--- Study material Enclosed Below ---
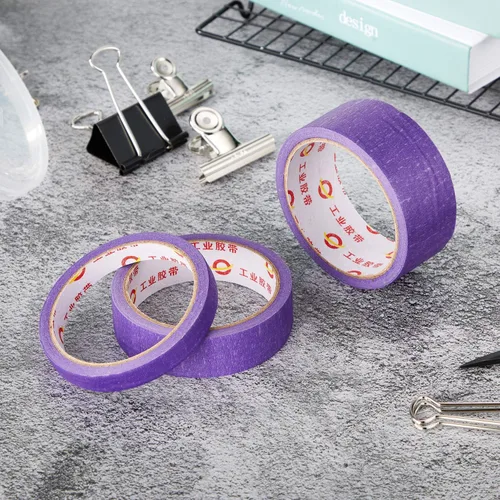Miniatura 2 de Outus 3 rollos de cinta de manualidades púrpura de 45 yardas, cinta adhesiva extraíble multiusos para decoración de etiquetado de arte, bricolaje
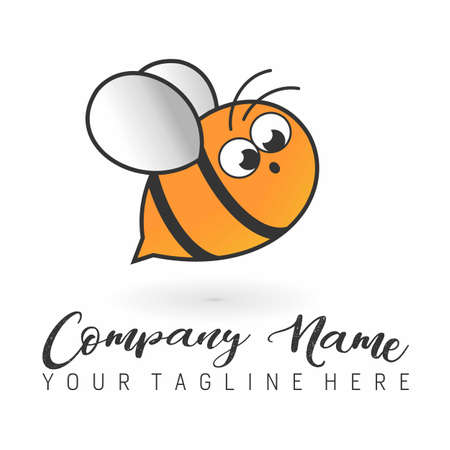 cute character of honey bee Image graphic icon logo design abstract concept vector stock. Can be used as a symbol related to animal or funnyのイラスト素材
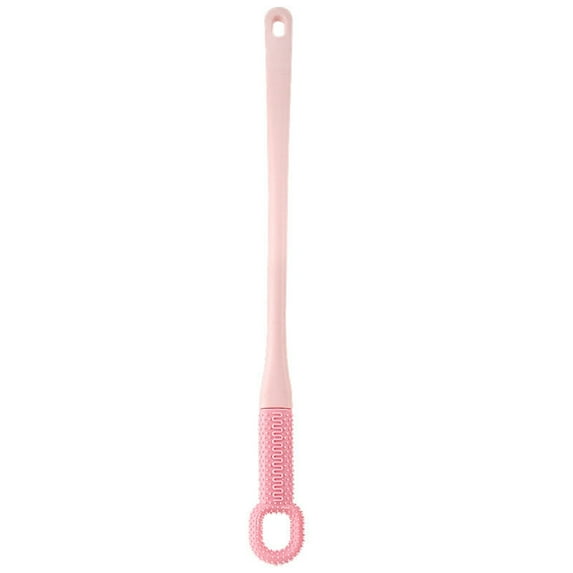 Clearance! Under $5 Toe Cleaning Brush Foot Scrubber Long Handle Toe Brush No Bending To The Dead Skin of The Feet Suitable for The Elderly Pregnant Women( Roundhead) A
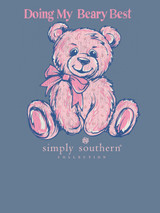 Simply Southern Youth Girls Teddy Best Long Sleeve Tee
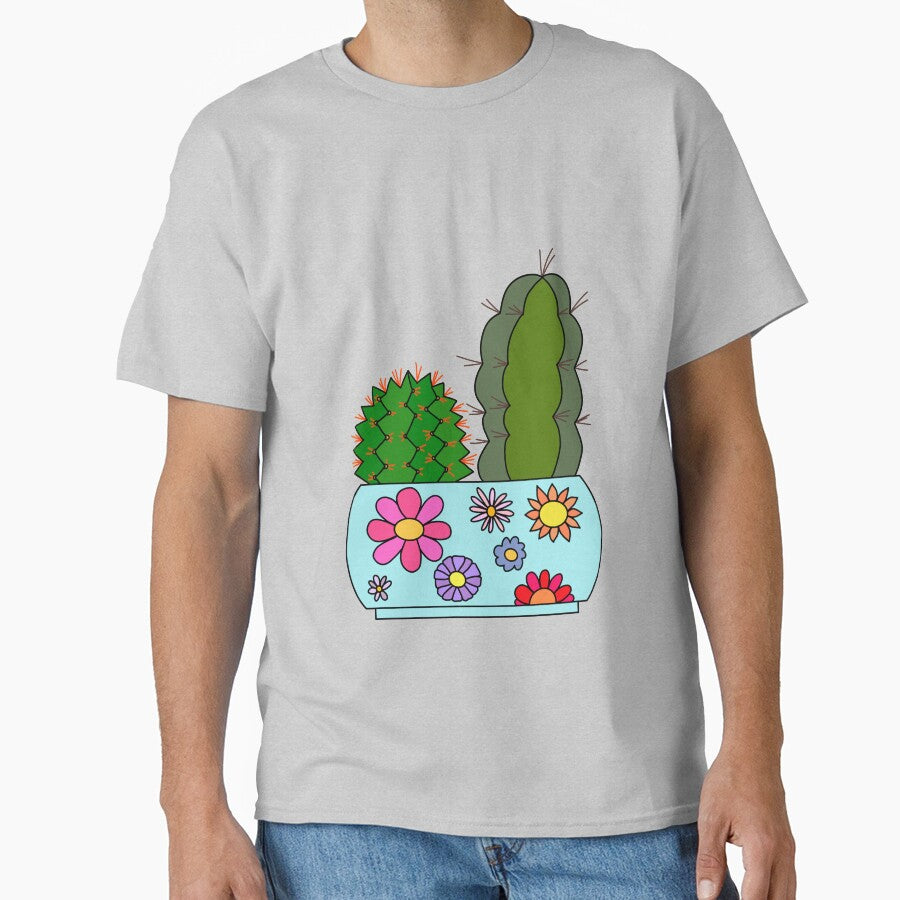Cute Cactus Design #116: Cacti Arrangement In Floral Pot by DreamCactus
--- End of Enclosed Study material ---
• **Action item**
Each line above is to be duplicated exactly, and the pictures are to be omitted.

• **Task answer**
Miniatura 2 de Outus 3 rollos de cinta de manualidades púrpura de 45 yardas, cinta adhesiva extraíble multiusos para decoración de etiquetado de arte, bricolaje
 cute character of honey bee Image graphic icon logo design abstract concept vector stock. Can be used as a symbol related to animal or funnyのイラスト素材
 Clearance! Under $5 Toe Cleaning Brush Foot Scrubber Long Handle Toe Brush No Bending To The Dead Skin of The Feet Suitable for The Elderly Pregnant Women( Roundhead) A
 Simply Southern Youth Girls Teddy Best Long Sleeve Tee
Cute Cactus Design #116: Cacti Arrangement In Floral Pot by DreamCactus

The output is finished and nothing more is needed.